At one level, the argument is pretty simple. Humans – by which I mean all humans, and always – think of the world as a structure of cause and effect according to which everything that exists must have been caused to exist by something other than itself. Of course, since the world itself exists, this means that the world must have been caused to exist in the first place. There must have been a First Cause, something or someone to get the ball rolling. A Creator. An Unmoved Mover. God. Trouble is, if the First Cause exists – and remember, everything that exists must have been caused to exist by something other than itself – then something must have caused the First Cause to exist, in which case the First Cause is not the First Cause. And so on, ad infinitum. So to talk about God is to invoke the “concept” of something that cannot have been caused to exist by something other than itself and must have been caused to exist by something other than itself. That’s not a concept. It’s nonsense, gobbledygook, mumbo-jumbo. It is, to quote Thomas Hobbes from a slightly different context, “mere sound.” As such, it cannot be an intelligible topic for conversation. The existence of God can be neither affirmed, nor denied, nor even doubted.

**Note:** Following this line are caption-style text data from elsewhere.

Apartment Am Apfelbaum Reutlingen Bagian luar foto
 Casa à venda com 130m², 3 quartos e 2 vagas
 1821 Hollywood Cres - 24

So why chutzpah? Three things. First, I’ve written a book on a topic for which I have no credentials, no formal training, no experience, no bona fides. I’m neither a theologian nor a religious studies person nor a philosopher of religion. I’m a political philosopher – all of my other books have been studies in the theory of politics – and so here I am writing on a topic about which I am, in principle, ignorant and unqualified. Second, I’ve written a book intended for the general reader – something that’s supposed to be clear, accessible, perhaps even entertaining – and this is an activity in which I have little experience. My other books have all been scholarly monographs written explicitly for specialists in my field, and this means that I’ve now attempted a kind of writing for which I am, in principle, seriously unprepared. Finally, if all that wasn’t enough, I’ve written a book that purports to take on all comers. In the world of religious thought, one would imagine that pretty much everyone is either a theist, an atheist or an agnostic. There seem to be no other possibilities. In arguing that all of them must be wrong, I’ve chosen to pursue what is, let’s face it, a pretty lonesome path.
I’m generally not big on chutzpah. I am not by nature a contrarian or a scold. I’m no great risk taker. And I have great respect for training, preparation and expertise. So why write a book on a topic about which I’m a rank amateur, a book in which I’m trespassing on other people’s territory, and a book that has no natural allies, hence is likely to be slammed from all sides? Two reasons. First of all, I really do think my argument is right, and I can’t for the life of me understand why so much of what is written these days about God doesn’t consider at least some version of it, if only to refute it. I’m referring to, among other things, the well-known books by and about Hitchens, Dawkins, Dennett, Hawking, Harris and the rest. Seems to me that they’ve been systematically ignoring the pachyderm in the parlor, and I find it enormously frustrating. Second, if my argument is wrong, I’d simply like to know why. I like figuring things out, and on this particular question – the question of God – I think I have. But amateur that I am, I could well be in error; and so if someone can show me where I’ve messed up, that would be progress.
In this sense, the goal is less to win the argument – though that would be nice – than to get the argument back on track.
But there’s still a bit more to be said. For the argument of my book concludes with what I believe to be objective, rock-solid, irrefutable proof that this – by which I mean the world as we know it – cannot be all there is, as per utterly, completely, entirely and demonstrably impossible. The story has, in effect, a surprise ending. It’s a pretty big surprise – I actually think it might be kind of staggering – and in the scheme of things it’s an extremely happy one. But it’s also unintelligible without the larger argument of the book. So in that sense, the question of whether or not my argument is correct could be, let us say, not without real consequence.